In July, major union the International Brotherhood of Teamsters and the United Parcel Service narrowly avoided the end of the UPS drivers’ contract by reaching a deal on increased worker offerings, and the bankruptcy of shipping company Yellow saw the closure of the third largest provider of less-than-truckload carriers, shipping services that do not require a whole truck to be filled. Economists point to pro-union rhetoric and policies from the Biden administration driving up operating costs and poor fiscal and regulatory policy for high diesel prices. (RELATED: Experts See Red Flags Even As Biden Takes Victory Lap On Economic Growth)
“When you get these administrations that are overtly pro-big labor, it emboldens those labor unions to get more concessions than they otherwise would, which does increase pay for members,” E.J. Antoni, research fellow at the Heritage Foundation’s Grover M. Hermann Center for the Federal Budget, told the DCNF. “It tends to reduce the number of people working.
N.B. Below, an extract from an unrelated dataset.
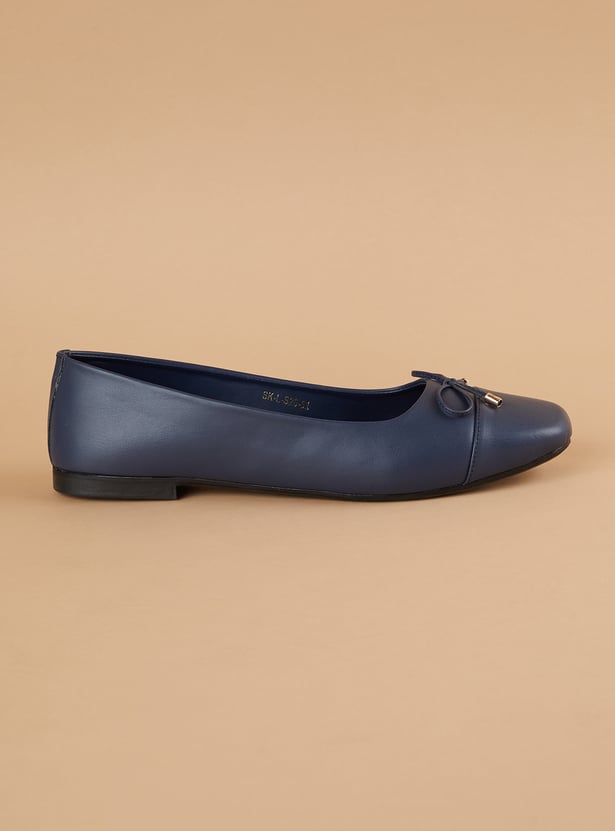 GINGER Solid Round Toe Ballerinas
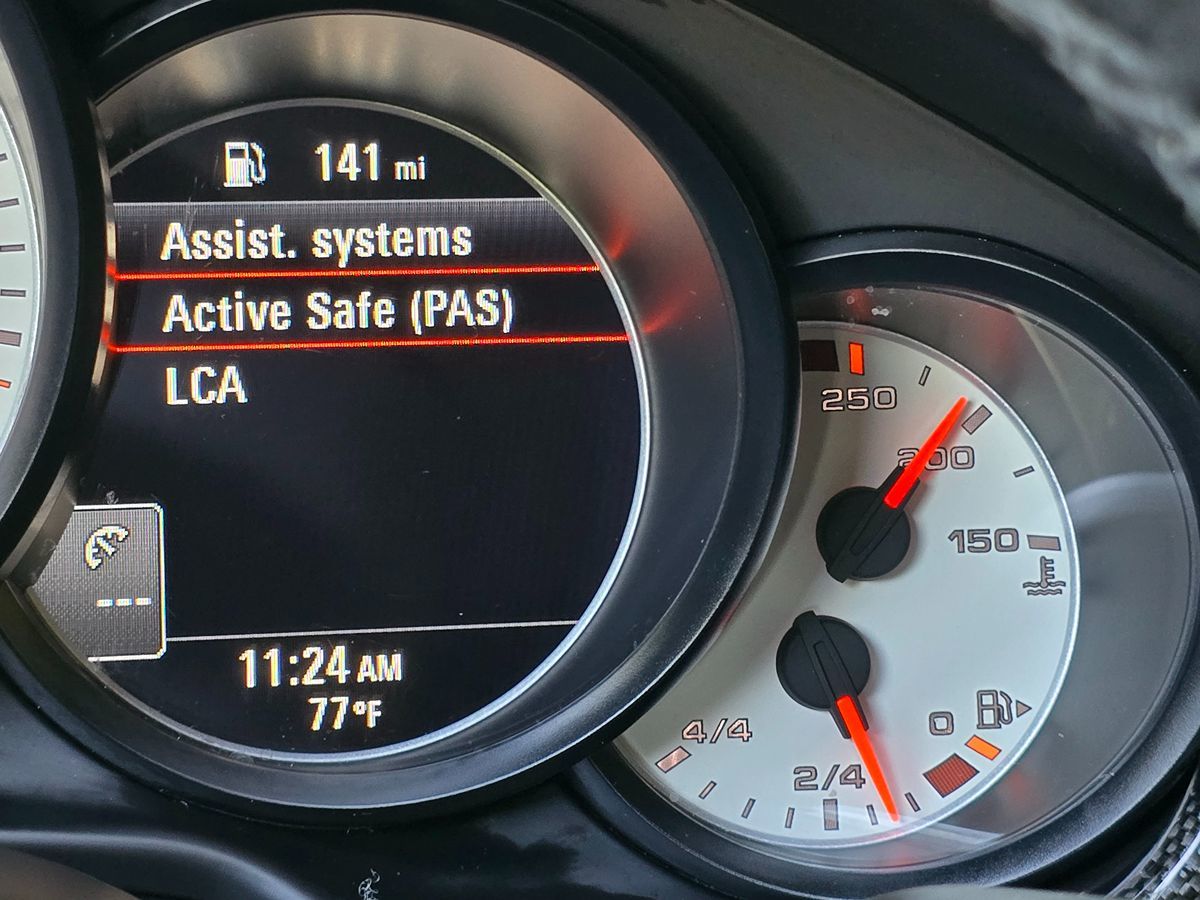 2016 Porsche Panamera GTS Image 28 of 59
It also tends to increase the pay of union leadership and increase union dues, which in turn increases Democrat Party donations from those dues.”
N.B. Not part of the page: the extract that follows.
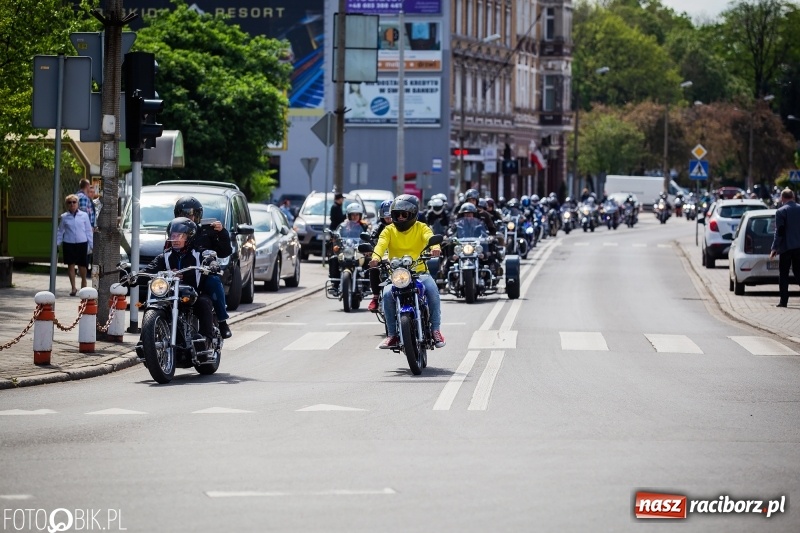 Zdjęcie w galerii na portalu naszraciborz.pl: Raciborskie rozpoczęcie sezonu motocyklowego [FOTO i WIDEO] wiadomości z regionu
President Joe Biden’s rhetoric has been consistently pro-union, going as far as to make the pledge the night before the 2020 presidential election to “be the most pro-union president you’ve ever seen.” The president has also pushed legislation like the Protecting the Right to Organize (PRO) Act, which was criticized by Republicans as forcing unionization on workers by seeking to force non-union members pay to dues.
“The UPS Teamsters deal is likely to be viewed, especially at very large companies that are working with the Teamsters and in the trucking industry, as a sort of bellwether for how negotiations may go,” Ryan Yonk, senior research faculty at the American Institute for Economic Research, told the DCNF. “That agreement comes about in large part because UPS felt there was a credible threat potentially from the Teamsters not showing up and having a work stoppage, and so ultimately, they came to the table, and I think the positions of both sides are affected by the administration’s rhetoric and views on how labor and management negotiations should go.”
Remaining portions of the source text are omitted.